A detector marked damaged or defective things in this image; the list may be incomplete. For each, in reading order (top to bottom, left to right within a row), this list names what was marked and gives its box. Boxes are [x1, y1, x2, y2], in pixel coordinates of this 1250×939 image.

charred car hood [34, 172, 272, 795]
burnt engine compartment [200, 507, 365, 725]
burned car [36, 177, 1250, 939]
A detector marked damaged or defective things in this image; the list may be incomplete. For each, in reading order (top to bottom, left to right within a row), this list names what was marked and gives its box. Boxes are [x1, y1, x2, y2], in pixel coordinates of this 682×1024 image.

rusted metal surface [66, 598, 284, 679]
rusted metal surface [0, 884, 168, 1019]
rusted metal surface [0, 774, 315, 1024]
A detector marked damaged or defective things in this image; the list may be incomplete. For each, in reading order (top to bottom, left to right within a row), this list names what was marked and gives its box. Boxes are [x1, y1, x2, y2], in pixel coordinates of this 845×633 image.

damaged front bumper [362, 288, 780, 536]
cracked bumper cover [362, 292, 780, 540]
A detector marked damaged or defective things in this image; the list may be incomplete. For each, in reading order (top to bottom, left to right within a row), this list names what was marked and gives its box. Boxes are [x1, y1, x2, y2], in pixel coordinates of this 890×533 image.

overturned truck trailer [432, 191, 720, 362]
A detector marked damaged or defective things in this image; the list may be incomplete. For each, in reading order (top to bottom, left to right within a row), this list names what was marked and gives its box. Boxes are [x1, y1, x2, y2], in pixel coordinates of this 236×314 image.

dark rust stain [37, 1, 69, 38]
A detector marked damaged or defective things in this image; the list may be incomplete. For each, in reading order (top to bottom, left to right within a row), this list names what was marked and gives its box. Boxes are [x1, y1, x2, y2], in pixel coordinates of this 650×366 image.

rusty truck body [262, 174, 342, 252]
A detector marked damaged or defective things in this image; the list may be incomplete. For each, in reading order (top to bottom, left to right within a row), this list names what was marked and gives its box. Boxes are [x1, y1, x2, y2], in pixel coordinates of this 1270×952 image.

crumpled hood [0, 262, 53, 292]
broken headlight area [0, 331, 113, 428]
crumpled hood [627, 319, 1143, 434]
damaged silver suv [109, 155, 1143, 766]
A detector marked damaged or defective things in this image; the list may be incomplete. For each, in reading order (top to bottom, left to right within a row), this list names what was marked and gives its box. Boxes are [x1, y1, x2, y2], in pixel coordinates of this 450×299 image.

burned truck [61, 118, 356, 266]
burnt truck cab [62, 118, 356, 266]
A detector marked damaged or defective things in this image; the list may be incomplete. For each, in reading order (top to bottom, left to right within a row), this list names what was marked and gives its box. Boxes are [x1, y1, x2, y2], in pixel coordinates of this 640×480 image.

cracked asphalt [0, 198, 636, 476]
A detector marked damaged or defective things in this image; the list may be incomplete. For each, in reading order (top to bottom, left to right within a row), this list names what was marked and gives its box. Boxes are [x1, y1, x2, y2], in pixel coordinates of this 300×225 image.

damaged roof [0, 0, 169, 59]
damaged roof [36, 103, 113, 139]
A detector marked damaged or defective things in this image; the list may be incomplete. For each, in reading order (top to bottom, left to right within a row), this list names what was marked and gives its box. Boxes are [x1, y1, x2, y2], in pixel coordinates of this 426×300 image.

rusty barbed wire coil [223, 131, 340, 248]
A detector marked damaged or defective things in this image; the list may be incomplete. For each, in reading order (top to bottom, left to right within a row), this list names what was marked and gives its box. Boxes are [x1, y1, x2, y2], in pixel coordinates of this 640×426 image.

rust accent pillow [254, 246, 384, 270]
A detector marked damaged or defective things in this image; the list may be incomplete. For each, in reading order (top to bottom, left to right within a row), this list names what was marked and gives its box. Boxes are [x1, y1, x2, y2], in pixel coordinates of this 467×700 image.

WORK INSTRUCTIONS:
Set each line down exactly, beginning at the one containing "this 640×426 image." and ending at the last line of the material above.

RESULT:
A detector marked damaged or defective things in this image; the list may be incomplete. For each, in reading order (top to bottom, left to right within a row), this list names what was marked and gives its box. Boxes are [x1, y1, x2, y2], in pixel coordinates of this 640×426 image.

rust accent pillow [254, 246, 384, 270]
A detector marked damaged or defective things in this image; the list may be incomplete. For each, in reading order (top to bottom, left to right within a row), this list names what was marked and gives its box. Boxes are [x1, y1, x2, y2], in pixel coordinates of this 467×700 image.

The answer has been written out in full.